[Short text fragments from websites]
---------------

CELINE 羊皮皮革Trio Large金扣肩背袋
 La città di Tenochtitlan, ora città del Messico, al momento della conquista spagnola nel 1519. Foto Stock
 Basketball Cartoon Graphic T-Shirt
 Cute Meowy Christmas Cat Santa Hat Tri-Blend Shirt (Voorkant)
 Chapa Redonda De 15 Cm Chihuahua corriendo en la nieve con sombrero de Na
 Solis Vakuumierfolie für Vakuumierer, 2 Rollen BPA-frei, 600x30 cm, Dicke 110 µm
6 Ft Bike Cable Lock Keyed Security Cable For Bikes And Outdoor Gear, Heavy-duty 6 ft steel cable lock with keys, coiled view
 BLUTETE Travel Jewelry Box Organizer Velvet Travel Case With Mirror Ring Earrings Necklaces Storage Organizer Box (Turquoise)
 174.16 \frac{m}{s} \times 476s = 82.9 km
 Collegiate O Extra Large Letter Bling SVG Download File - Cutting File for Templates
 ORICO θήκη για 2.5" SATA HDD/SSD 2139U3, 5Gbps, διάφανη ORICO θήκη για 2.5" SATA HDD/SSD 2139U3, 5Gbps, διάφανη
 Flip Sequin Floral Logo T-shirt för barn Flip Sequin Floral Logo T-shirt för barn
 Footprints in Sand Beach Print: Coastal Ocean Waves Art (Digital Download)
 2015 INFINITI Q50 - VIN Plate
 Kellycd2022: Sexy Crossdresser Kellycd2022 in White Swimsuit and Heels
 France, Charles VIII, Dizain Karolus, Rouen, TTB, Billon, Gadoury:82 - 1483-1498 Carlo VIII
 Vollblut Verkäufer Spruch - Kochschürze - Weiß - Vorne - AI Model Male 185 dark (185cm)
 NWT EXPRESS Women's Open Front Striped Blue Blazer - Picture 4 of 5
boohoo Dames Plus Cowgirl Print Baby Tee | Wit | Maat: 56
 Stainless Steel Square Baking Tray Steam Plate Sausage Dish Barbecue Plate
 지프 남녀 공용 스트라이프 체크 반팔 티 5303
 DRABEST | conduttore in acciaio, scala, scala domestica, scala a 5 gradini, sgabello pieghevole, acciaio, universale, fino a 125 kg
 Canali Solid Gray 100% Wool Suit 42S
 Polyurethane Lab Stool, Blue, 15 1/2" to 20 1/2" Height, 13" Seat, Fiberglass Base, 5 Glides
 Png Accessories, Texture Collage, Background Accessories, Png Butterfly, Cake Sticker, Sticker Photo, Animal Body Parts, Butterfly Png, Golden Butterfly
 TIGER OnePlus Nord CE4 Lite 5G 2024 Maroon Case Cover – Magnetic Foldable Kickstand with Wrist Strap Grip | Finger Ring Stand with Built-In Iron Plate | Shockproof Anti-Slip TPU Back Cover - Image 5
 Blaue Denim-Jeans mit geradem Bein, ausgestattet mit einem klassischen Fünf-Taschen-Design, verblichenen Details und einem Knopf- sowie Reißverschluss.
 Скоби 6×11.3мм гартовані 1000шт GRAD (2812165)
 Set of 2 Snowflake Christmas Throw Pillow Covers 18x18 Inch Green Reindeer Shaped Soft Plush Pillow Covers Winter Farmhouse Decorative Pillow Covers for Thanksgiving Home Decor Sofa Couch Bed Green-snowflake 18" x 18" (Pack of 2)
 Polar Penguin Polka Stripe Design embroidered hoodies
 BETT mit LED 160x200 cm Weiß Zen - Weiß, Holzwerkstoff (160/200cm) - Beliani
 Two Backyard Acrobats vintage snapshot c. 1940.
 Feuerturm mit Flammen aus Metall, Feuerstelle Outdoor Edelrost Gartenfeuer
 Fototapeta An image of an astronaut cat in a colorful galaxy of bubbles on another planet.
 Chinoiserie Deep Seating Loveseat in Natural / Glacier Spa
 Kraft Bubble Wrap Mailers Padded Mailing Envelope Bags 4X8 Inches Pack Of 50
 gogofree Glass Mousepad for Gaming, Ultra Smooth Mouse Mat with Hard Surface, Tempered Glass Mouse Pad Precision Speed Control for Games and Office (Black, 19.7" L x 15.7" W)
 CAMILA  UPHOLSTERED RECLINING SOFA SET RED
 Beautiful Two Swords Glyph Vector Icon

---------------

--- Exercise prompt ---
Output the entries above word for word.

--- Response for this exercise ---
CELINE 羊皮皮革Trio Large金扣肩背袋
 La città di Tenochtitlan, ora città del Messico, al momento della conquista spagnola nel 1519. Foto Stock
 Basketball Cartoon Graphic T-Shirt
 Cute Meowy Christmas Cat Santa Hat Tri-Blend Shirt (Voorkant)
 Chapa Redonda De 15 Cm Chihuahua corriendo en la nieve con sombrero de Na
 Solis Vakuumierfolie für Vakuumierer, 2 Rollen BPA-frei, 600x30 cm, Dicke 110 µm
6 Ft Bike Cable Lock Keyed Security Cable For Bikes And Outdoor Gear, Heavy-duty 6 ft steel cable lock with keys, coiled view
 BLUTETE Travel Jewelry Box Organizer Velvet Travel Case With Mirror Ring Earrings Necklaces Storage Organizer Box (Turquoise)
 174.16 \frac{m}{s} \times 476s = 82.9 km
 Collegiate O Extra Large Letter Bling SVG Download File - Cutting File for Templates
 ORICO θήκη για 2.5" SATA HDD/SSD 2139U3, 5Gbps, διάφανη ORICO θήκη για 2.5" SATA HDD/SSD 2139U3, 5Gbps, διάφανη
 Flip Sequin Floral Logo T-shirt för barn Flip Sequin Floral Logo T-shirt för barn
 Footprints in Sand Beach Print: Coastal Ocean Waves Art (Digital Download)
 2015 INFINITI Q50 - VIN Plate
 Kellycd2022: Sexy Crossdresser Kellycd2022 in White Swimsuit and Heels
 France, Charles VIII, Dizain Karolus, Rouen, TTB, Billon, Gadoury:82 - 1483-1498 Carlo VIII
 Vollblut Verkäufer Spruch - Kochschürze - Weiß - Vorne - AI Model Male 185 dark (185cm)
 NWT EXPRESS Women's Open Front Striped Blue Blazer - Picture 4 of 5
boohoo Dames Plus Cowgirl Print Baby Tee | Wit | Maat: 56
 Stainless Steel Square Baking Tray Steam Plate Sausage Dish Barbecue Plate
 지프 남녀 공용 스트라이프 체크 반팔 티 5303
 DRABEST | conduttore in acciaio, scala, scala domestica, scala a 5 gradini, sgabello pieghevole, acciaio, universale, fino a 125 kg
 Canali Solid Gray 100% Wool Suit 42S
 Polyurethane Lab Stool, Blue, 15 1/2" to 20 1/2" Height, 13" Seat, Fiberglass Base, 5 Glides
 Png Accessories, Texture Collage, Background Accessories, Png Butterfly, Cake Sticker, Sticker Photo, Animal Body Parts, Butterfly Png, Golden Butterfly
 TIGER OnePlus Nord CE4 Lite 5G 2024 Maroon Case Cover – Magnetic Foldable Kickstand with Wrist Strap Grip | Finger Ring Stand with Built-In Iron Plate | Shockproof Anti-Slip TPU Back Cover - Image 5
 Blaue Denim-Jeans mit geradem Bein, ausgestattet mit einem klassischen Fünf-Taschen-Design, verblichenen Details und einem Knopf- sowie Reißverschluss.
 Скоби 6×11.3мм гартовані 1000шт GRAD (2812165)
 Set of 2 Snowflake Christmas Throw Pillow Covers 18x18 Inch Green Reindeer Shaped Soft Plush Pillow Covers Winter Farmhouse Decorative Pillow Covers for Thanksgiving Home Decor Sofa Couch Bed Green-snowflake 18" x 18" (Pack of 2)
 Polar Penguin Polka Stripe Design embroidered hoodies
 BETT mit LED 160x200 cm Weiß Zen - Weiß, Holzwerkstoff (160/200cm) - Beliani
 Two Backyard Acrobats vintage snapshot c. 1940.
 Feuerturm mit Flammen aus Metall, Feuerstelle Outdoor Edelrost Gartenfeuer
 Fototapeta An image of an astronaut cat in a colorful galaxy of bubbles on another planet.
 Chinoiserie Deep Seating Loveseat in Natural / Glacier Spa
 Kraft Bubble Wrap Mailers Padded Mailing Envelope Bags 4X8 Inches Pack Of 50
 gogofree Glass Mousepad for Gaming, Ultra Smooth Mouse Mat with Hard Surface, Tempered Glass Mouse Pad Precision Speed Control for Games and Office (Black, 19.7" L x 15.7" W)
 CAMILA  UPHOLSTERED RECLINING SOFA SET RED
 Beautiful Two Swords Glyph Vector Icon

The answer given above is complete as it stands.